Some of you will be disappointed to hear a confirmed animal lover and vegetarian admit to such a thing, but I bet there are just as many thinking: "What's the big deal? After all, boys will be boys." Yes but, in light of our concern for the environment, using that clich as an excuse for splicing worms and doing unspeakable things with a magnifying glass seems just a little too lenient and today, in our family at least, monstrous acts like these just wouldn't be tolerated.
Fortunately, cruelty to creepy-crawlies may soon become a thing of the past as more and more schools create gardens and wildlife habitats, teaching kids a healthy respect for living things from an early age. I've seen the proof myself at the Clore Learning Centre at Wisley, where I helped develop a teaching garden. Recently I've had the opportunity to be involved in the Habitats for Wildlife Competition, sponsored by Thompson Habitats, which aims to help a Pupil Referral Unit (PRU) develop its own space. The competition was organised to encourage and reward schools for improving the environment for wildlife within their school grounds and for raising awareness among pupils of ecological and sustainability issues. It was inspired by a director of the company who feels that such children deserve the chance to work on something that is usually offered only to mainstream schools.
The prize (500) would help the winner implement their plans, but choosing the best entry was difficult. Staff from one of the PRU entrants, Sycamore Centre Garden, had already embarked on a project of their own, in 2006. They said they had been apprehensive about how their groups would take to the task, but were pleased to see the pupils enjoying the experience, the biggest problem being regularly losing the workforce as children were reintegrated into new schools.
"After an initial desire to kill every worm, beetle or earwig was dispelled, the pupils were soon in awe of finding newts, toads and even watching the friendly robin who came to feed on the newly turned soil," explained science teacher Charlie Laing. "It soon dawned on me that the pupils had very limited experiences of gardens, of soil and the wildlife found in them." Helping to develop their own garden benefited the pupils as much as the local flora and fauna, giving them experience of design, horticulture and science plus teamwork.
At the Fordway Centre in Ashford, Middlesex, Mole Group wanted a better home for the frogs that frequent a shrub area.
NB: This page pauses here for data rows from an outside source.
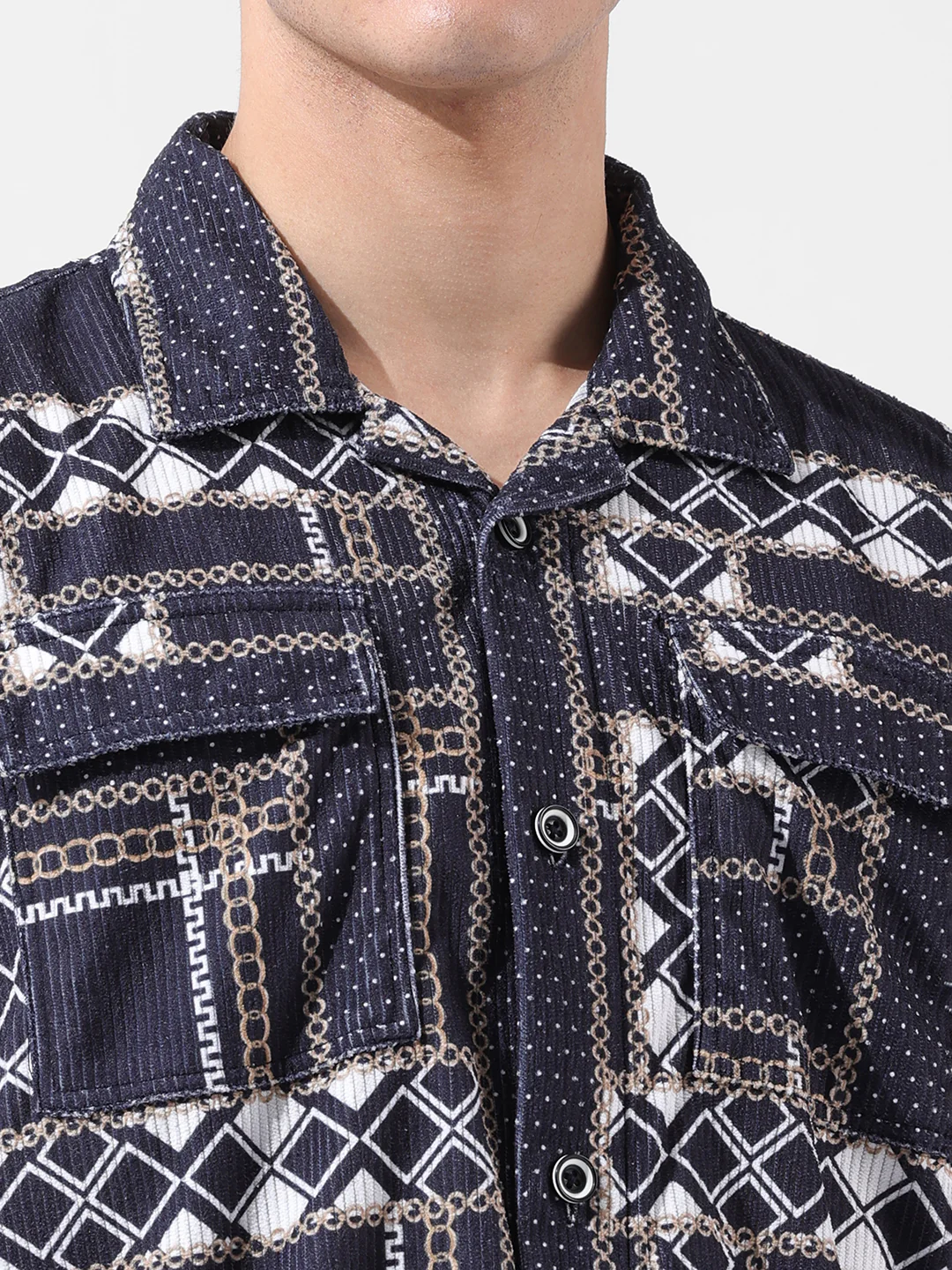 Men's Black Regular Fit Printed Casual Shirt - Image 3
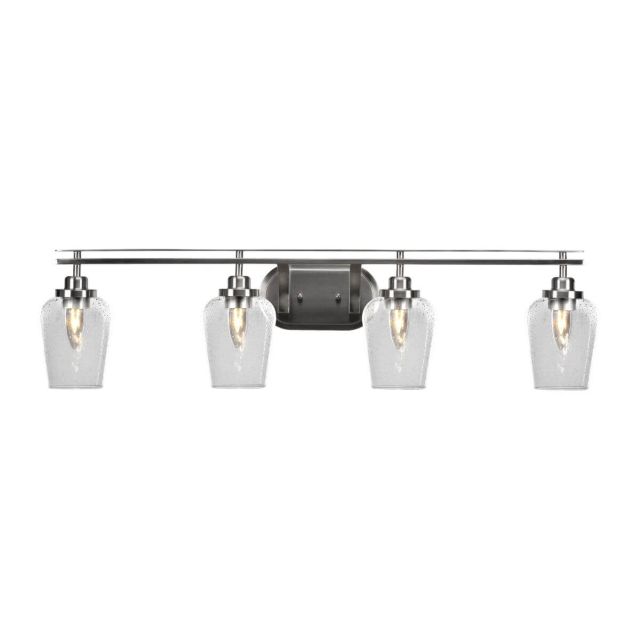 Toltec Lighting Odyssey 4 Light 38 inch Bath Bar in Brushed Nickel with Clear Bubble Glass 2614-BN-210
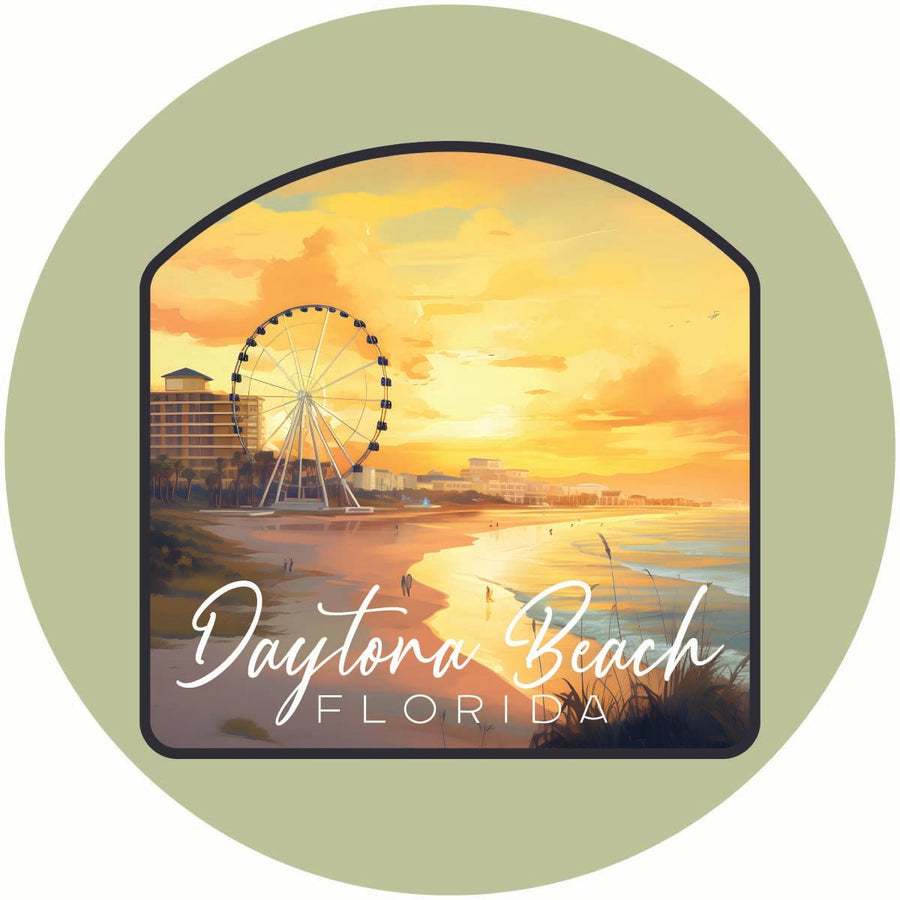 Daytona Beach Florida Boardwalk Ferris Wheel Design Souvenir Coaster Paper 4 Pack Image 1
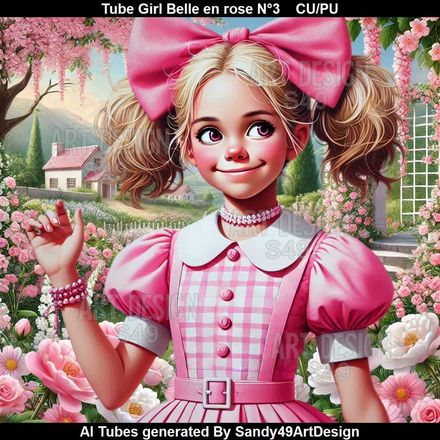 Tube Girl Belle en rose N°3
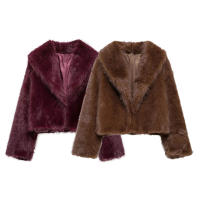 TRAFZA-Chaqueta de piel sintética para mujer, abrigo holgado de manga larga con cuello vuelto, color liso, informal, para invierno, 2024 - details 1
But the winning entry came from 12-year-old Ellie Foster at St Peter's Teaching Centre in Chertsey, who did valuable research at RHS Wisley before committing her design to paper. A pond, rough grass, hedging, piles of bark and stones will provide potential homes for a wide range of wildlife, while bird-feeders, and nectar-rich flowers such as roses and lavender will keep visitors well fed. Heartening stuff and, for me, all the more reason to continue relocating slugs on my own plot for, while others might find this laughable, it's the only way to atone for my boyhood abominations.